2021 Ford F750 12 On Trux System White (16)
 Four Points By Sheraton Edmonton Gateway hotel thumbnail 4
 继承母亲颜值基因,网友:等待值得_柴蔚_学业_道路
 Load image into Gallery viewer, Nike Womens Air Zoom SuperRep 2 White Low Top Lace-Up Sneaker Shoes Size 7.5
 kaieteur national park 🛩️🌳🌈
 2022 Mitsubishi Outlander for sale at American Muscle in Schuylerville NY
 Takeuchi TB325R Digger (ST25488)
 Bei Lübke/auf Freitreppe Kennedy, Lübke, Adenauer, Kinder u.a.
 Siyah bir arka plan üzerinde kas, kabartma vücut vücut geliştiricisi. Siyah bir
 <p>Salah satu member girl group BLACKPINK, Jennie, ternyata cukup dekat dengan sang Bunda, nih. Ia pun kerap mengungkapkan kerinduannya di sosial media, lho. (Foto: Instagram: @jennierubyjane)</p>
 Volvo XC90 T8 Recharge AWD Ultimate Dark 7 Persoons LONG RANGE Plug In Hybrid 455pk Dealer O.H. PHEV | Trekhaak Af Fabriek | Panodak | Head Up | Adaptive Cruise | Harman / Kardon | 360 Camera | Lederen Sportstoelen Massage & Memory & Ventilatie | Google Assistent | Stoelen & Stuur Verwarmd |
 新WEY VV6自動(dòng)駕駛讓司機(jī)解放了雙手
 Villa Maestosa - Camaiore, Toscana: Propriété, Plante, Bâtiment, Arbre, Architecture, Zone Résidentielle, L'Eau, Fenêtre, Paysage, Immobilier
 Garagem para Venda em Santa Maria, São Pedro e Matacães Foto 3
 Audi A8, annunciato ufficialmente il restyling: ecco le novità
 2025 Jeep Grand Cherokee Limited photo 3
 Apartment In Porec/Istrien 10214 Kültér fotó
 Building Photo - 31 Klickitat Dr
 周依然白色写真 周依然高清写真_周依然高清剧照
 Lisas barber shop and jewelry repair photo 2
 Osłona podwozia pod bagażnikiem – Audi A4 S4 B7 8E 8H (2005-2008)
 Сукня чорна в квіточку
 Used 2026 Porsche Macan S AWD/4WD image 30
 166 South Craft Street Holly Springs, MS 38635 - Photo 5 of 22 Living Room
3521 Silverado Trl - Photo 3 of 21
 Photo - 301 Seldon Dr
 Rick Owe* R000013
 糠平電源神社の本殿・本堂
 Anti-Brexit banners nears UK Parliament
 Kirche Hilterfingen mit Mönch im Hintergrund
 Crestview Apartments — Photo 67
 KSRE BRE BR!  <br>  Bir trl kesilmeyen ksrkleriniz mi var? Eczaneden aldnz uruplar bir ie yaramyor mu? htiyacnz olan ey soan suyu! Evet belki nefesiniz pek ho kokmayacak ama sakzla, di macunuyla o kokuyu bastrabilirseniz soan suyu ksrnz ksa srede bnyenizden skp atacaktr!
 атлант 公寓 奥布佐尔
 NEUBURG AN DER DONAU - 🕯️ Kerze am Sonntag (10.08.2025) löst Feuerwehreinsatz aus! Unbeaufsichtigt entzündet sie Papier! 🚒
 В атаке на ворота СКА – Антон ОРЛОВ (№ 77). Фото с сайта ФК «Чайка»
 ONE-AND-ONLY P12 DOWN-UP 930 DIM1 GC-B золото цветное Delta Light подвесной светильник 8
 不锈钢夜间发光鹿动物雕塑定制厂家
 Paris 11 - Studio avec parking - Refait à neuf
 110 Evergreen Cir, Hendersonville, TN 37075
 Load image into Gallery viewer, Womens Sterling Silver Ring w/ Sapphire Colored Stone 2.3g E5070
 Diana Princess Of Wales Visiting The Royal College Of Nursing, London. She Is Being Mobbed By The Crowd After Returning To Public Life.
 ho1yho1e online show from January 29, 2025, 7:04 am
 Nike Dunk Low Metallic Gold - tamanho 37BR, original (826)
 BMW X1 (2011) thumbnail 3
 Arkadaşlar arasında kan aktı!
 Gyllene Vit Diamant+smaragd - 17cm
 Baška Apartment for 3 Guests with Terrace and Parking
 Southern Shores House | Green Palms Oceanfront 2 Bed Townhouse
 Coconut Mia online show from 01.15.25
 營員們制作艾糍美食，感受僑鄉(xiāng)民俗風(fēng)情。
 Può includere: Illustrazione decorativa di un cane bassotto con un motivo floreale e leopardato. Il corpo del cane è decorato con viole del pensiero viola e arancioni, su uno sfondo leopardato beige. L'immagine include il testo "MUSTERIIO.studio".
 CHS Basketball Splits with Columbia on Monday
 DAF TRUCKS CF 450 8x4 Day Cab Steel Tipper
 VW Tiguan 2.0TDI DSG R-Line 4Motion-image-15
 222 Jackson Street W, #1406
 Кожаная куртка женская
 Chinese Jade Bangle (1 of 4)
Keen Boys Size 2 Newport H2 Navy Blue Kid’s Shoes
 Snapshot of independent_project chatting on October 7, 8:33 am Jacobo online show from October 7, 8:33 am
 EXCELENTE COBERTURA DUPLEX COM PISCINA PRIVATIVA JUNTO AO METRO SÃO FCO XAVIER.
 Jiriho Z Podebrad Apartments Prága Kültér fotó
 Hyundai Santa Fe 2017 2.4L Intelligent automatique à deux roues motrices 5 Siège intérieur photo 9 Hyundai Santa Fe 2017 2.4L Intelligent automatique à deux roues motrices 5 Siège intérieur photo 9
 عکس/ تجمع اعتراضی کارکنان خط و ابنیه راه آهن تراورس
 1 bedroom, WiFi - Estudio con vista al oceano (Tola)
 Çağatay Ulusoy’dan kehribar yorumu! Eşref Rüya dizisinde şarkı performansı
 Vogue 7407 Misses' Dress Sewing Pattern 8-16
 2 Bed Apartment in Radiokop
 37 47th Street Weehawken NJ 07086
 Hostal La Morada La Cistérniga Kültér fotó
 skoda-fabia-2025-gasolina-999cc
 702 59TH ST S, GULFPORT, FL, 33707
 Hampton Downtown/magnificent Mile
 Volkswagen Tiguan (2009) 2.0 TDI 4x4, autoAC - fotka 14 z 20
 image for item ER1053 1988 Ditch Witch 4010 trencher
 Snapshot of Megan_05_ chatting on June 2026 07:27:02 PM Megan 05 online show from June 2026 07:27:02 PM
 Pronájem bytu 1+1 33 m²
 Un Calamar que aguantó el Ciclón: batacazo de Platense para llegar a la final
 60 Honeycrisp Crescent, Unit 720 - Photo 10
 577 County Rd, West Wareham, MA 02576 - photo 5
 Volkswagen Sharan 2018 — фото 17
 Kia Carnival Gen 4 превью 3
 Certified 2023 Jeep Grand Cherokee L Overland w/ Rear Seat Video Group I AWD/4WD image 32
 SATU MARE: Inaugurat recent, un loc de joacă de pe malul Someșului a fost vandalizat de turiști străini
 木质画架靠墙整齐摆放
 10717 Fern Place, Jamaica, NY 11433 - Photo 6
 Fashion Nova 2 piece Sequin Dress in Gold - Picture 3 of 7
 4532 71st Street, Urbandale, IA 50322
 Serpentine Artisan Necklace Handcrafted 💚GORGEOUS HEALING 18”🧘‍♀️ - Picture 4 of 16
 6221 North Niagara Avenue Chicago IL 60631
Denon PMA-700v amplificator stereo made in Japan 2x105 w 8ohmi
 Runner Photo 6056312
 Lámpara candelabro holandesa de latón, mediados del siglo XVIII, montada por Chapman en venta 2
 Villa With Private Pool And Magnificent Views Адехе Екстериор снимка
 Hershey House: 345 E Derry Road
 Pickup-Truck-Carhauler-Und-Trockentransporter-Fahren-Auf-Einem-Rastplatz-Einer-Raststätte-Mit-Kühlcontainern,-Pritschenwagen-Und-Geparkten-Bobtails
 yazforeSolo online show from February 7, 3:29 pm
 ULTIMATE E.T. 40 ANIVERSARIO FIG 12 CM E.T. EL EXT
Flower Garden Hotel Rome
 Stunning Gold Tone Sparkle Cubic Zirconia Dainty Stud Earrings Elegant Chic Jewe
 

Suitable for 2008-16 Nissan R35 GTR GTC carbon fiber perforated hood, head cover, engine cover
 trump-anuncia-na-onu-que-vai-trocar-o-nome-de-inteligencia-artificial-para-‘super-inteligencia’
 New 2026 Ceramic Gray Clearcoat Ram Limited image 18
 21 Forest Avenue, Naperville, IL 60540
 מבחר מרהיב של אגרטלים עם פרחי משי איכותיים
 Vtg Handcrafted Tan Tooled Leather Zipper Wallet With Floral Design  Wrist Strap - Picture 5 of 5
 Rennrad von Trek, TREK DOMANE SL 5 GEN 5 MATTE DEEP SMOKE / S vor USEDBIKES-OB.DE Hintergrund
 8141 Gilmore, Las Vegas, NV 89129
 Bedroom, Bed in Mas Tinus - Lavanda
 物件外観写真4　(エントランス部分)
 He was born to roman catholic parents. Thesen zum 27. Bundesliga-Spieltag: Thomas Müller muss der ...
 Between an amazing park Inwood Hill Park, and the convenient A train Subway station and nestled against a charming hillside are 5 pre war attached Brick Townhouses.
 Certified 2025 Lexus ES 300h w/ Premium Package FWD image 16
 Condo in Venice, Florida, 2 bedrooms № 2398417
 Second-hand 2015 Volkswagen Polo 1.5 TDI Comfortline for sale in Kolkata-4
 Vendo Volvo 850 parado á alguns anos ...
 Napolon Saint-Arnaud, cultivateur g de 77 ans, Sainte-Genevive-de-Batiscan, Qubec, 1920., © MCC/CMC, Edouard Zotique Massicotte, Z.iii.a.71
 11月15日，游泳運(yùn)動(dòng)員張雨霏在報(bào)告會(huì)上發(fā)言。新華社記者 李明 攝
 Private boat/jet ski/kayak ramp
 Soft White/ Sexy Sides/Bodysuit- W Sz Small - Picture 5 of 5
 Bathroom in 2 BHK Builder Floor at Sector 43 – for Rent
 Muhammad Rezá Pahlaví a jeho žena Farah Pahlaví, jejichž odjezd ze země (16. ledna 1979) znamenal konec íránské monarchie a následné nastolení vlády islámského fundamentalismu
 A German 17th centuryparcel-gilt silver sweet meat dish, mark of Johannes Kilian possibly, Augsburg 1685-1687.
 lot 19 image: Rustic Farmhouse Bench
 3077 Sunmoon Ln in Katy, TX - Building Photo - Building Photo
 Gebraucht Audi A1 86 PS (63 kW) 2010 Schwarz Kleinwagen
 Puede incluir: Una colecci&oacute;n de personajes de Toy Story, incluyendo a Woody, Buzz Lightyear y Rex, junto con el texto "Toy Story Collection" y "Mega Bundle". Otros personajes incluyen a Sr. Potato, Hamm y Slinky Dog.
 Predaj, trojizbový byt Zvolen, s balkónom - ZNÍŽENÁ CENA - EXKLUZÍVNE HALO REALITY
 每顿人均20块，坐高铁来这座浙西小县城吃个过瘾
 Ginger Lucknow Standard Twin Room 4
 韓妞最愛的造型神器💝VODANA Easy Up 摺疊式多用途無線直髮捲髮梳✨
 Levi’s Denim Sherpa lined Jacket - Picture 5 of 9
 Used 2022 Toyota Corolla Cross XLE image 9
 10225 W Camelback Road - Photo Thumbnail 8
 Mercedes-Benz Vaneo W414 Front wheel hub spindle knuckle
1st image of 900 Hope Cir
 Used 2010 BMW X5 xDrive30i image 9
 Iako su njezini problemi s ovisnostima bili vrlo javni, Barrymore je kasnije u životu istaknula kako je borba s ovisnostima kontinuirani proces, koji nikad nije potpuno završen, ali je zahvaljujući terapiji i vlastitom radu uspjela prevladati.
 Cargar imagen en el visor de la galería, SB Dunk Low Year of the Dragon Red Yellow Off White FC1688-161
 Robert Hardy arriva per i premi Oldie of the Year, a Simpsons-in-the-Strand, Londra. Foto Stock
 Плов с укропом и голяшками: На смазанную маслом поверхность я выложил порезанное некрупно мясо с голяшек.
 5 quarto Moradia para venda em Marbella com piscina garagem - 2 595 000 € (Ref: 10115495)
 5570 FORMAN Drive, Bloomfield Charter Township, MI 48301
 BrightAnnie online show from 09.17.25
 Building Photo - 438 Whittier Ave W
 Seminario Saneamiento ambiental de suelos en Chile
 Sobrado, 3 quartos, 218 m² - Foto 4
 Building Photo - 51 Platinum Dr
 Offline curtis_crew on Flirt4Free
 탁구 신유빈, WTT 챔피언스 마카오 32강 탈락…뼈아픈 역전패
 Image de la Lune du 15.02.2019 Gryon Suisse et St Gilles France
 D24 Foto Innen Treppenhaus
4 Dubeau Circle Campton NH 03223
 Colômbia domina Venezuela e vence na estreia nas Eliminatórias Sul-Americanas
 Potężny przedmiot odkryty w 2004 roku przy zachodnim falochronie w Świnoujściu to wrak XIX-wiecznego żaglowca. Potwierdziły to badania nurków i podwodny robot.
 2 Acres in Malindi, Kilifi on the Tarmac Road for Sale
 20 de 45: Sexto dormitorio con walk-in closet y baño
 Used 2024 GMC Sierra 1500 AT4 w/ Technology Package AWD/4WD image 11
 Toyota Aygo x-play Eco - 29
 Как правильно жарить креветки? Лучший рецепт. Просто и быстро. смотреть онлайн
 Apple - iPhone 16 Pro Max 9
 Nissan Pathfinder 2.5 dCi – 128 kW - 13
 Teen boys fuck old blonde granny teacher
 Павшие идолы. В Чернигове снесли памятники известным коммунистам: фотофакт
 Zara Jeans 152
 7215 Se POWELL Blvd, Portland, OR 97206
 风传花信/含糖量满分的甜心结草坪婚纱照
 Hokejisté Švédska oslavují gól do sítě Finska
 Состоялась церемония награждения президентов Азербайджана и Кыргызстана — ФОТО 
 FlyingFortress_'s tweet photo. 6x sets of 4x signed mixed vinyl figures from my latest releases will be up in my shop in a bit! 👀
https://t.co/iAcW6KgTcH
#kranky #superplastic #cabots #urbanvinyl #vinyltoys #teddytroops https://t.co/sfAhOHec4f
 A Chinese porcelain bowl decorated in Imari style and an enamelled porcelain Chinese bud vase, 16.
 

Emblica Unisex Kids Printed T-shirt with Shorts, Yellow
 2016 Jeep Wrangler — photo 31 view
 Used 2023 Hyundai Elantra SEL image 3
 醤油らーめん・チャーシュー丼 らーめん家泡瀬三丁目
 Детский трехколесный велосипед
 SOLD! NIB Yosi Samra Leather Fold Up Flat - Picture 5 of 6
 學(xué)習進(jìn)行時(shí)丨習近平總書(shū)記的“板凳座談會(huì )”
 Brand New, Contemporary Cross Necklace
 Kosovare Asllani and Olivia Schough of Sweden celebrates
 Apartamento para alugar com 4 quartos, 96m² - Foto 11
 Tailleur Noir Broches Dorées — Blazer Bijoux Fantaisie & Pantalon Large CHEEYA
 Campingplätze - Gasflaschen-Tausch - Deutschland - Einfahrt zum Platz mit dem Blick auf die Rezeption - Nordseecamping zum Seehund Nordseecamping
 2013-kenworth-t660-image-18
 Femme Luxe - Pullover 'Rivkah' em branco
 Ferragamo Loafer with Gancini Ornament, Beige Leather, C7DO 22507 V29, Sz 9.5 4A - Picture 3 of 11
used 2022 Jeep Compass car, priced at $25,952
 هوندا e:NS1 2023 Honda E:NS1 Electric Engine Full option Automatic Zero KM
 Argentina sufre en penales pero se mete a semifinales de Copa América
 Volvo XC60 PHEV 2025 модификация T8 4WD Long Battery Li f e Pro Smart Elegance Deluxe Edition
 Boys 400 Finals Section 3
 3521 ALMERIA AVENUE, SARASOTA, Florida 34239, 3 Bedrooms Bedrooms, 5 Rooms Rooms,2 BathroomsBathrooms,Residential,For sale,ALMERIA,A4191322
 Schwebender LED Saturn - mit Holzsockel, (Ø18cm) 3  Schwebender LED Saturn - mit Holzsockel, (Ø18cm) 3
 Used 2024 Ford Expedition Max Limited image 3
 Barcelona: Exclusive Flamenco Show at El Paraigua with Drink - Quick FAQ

Assignment
Retype exactly the lines of the data above that fall between the line with "EXCELENTE COBERTURA DUPLEX" and the line with "Certified 2023 Jeep", inclusive, and add nothing.

Written response
 EXCELENTE COBERTURA DUPLEX COM PISCINA PRIVATIVA JUNTO AO METRO SÃO FCO XAVIER.
 Jiriho Z Podebrad Apartments Prága Kültér fotó
 Hyundai Santa Fe 2017 2.4L Intelligent automatique à deux roues motrices 5 Siège intérieur photo 9 Hyundai Santa Fe 2017 2.4L Intelligent automatique à deux roues motrices 5 Siège intérieur photo 9
 عکس/ تجمع اعتراضی کارکنان خط و ابنیه راه آهن تراورس
 1 bedroom, WiFi - Estudio con vista al oceano (Tola)
 Çağatay Ulusoy’dan kehribar yorumu! Eşref Rüya dizisinde şarkı performansı
 Vogue 7407 Misses' Dress Sewing Pattern 8-16
 2 Bed Apartment in Radiokop
 37 47th Street Weehawken NJ 07086
 Hostal La Morada La Cistérniga Kültér fotó
 skoda-fabia-2025-gasolina-999cc
 702 59TH ST S, GULFPORT, FL, 33707
 Hampton Downtown/magnificent Mile
 Volkswagen Tiguan (2009) 2.0 TDI 4x4, autoAC - fotka 14 z 20
 image for item ER1053 1988 Ditch Witch 4010 trencher
 Snapshot of Megan_05_ chatting on June 2026 07:27:02 PM Megan 05 online show from June 2026 07:27:02 PM
 Pronájem bytu 1+1 33 m²
 Un Calamar que aguantó el Ciclón: batacazo de Platense para llegar a la final
 60 Honeycrisp Crescent, Unit 720 - Photo 10
 577 County Rd, West Wareham, MA 02576 - photo 5
 Volkswagen Sharan 2018 — фото 17
 Kia Carnival Gen 4 превью 3
 Certified 2023 Jeep Grand Cherokee L Overland w/ Rear Seat Video Group I AWD/4WD image 32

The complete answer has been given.